Organic polymer compound (A) having a glass transition temperature (Tg) of 0 ° C. or lower, epoxy resin (B), curing agent for epoxy resin (B) and curing accelerator (C) as needed, and scaly, elliptical Graphite particles and / or hexagonal boron nitride particles (D) that are spherical or rod-shaped and in which the six-membered ring surface in the crystal is oriented in the plane direction of the scale, the major axis direction of the ellipsoid, or the major axis direction of the rod Including a composition containing,
The heat conductive sheet in which the surface direction of the scale of the graphite particles and / or hexagonal boron nitride particles (D), the long axis direction of the ellipsoid, or the long axis direction of the rod are oriented in the thickness direction of the heat conductive sheet.   The heat conductive sheet of Claim 1 whose weight average molecular weights of the said organic polymer compound (A) are 250,000-1 million.   The heat conductive sheet according to claim 1 or 2 in which said organic polymer compound (A) contains a poly (meth) acrylic acid ester system polymer compound.   The hardener of the said epoxy resin (B) and the hardening accelerator (C) as needed contain at least 1 or more types chosen from a phenol resin, an aromatic amine resin, an acid anhydride, and an imidazole compound. The heat conductive sheet as described in any one of these.   In the composition, the organic polymer compound (A) is 20 to 60% by volume, the epoxy resin (B) is 5 to 25% by volume, and a curing agent for the epoxy resin (B) and curing is accelerated if necessary. The heat conductive sheet as described in any one of Claims 1-4 in which an agent (C) contains by 0.25-25 volume%.   The heat conductive sheet according to any one of claims 1 to 5, wherein the graphite particles or / and hexagonal boron nitride particles (D) are contained in the composition at 25 to 75% by volume.
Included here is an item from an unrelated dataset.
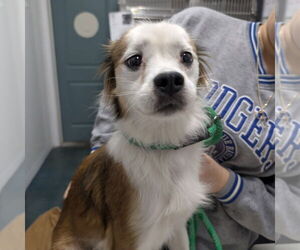 Papillon-Unknown Mix Dogs for adoption in Chico, CA, USA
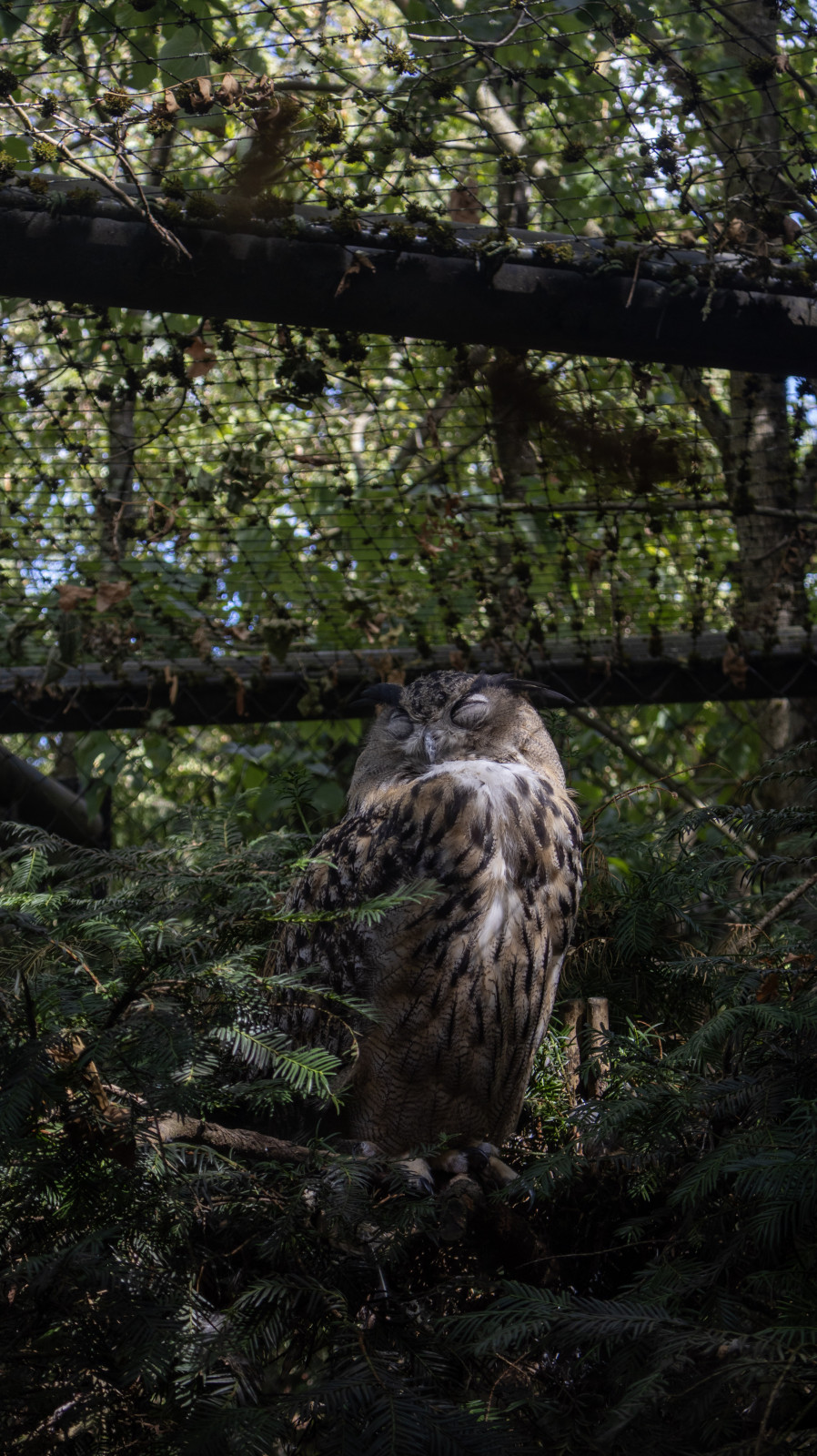 A la décoouvete du parc des oiseaux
Organic polymer compound (A) having a glass transition temperature (Tg) of 0 ° C. or lower, epoxy resin (B), curing agent for epoxy resin (B) and curing accelerator (C) as needed, and scaly, elliptical Graphite particles and / or hexagonal boron nitride particles (D) that are spherical or rod-shaped and in which the six-membered ring surface in the crystal is oriented in the plane direction of the scale, the major axis direction of the ellipsoid, or the major axis direction of the rod Containing the composition,
Rolling, pressing, extrusion, or coating the graphite particles and / or hexagonal boron nitride particles (D) to a thickness that is 20 times or less the mass average diameter, and the graphite particles in a direction parallel to the main surface Or / and producing a primary sheet in which hexagonal boron nitride particles (D) are oriented,
Laminating the primary sheet to obtain a molded body,
A step of slicing the molded body in an angle range of 0 degrees or more and 30 degrees or less with respect to a normal line coming out of the primary sheet surface to obtain a heat conductive sheet;
The manufacturing method of the heat conductive sheet containing this.   The heat conduction sheet according to any one of claims 1 to 6 or the heat conduction sheet obtained by the production method according to claim 7 is interposed between a heat generator and a heat radiator, and the heat conduction is performed. A heat radiating device comprising a sheet adhered to the heat generating body and the heat radiating body.   A semiconductor chip on a substrate and a heat spreader are bonded to each other through the heat conductive sheet according to any one of claims 1 to 6 or the heat conductive sheet obtained by the manufacturing method according to claim 7. Semiconductor device.